O corpo, enterrado em cova rasa do lado de fora de um apartamento térreo na rua Fitzhamon Embankment, centro de Cardiff, estava tão decomposto que foi “impossível” determinar a causa da morte.
Agora, mais de 40 anos depois, e após a libertação de seu assassino, um novo documentário examinou como a polícia montou o quebra-cabeça para solucionar o assassinato da adolescente “desconhecida de todos”, e como “métodos inovadores” levaram à condenação de dois homens.
“É incrível pensar que uma garota de 15 anos pode desaparecer e ninguém perceber, ninguém se importar”, disse Tom Bedford, repórter policial que cobriu a investigação. “Cobri muitas histórias ao longo de 40 anos, mas dessa eu nunca vou me esquecer.”

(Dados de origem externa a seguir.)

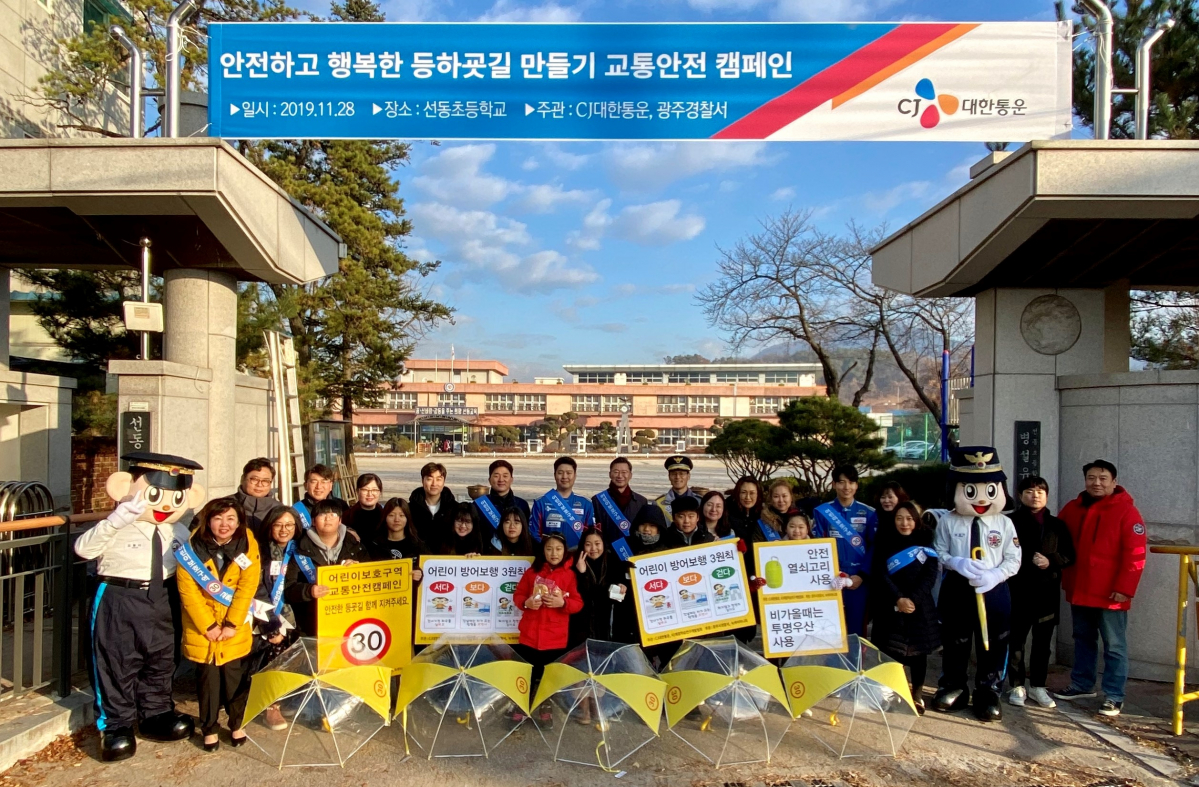▲CJ대한통운은 28일 경기도 광주선동초등학교에서 등굣길 아동에게 투명 안전우산을 나눠주고 운전자를 대상으로 스쿨존 교통안전캠페인을 진행했다. 이날 행사에는 CJ대한통운 임직원들과 경기 광주경찰서, 선동초등학교 학부모회 등이 참여했다.  (사진제공=CJ대한통운)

Bedford disse ao documentário Buried Secrets: The Body in the Carpet, da emissora Channel 5, que “o fato de terem permitido que ela fugisse de um orfanato sem que houvesse qualquer apelo ou investigação é muito triste. Ela não estava registrada como desaparecida, ninguém sabia que tinha sumido, ninguém sabia quem ela era”.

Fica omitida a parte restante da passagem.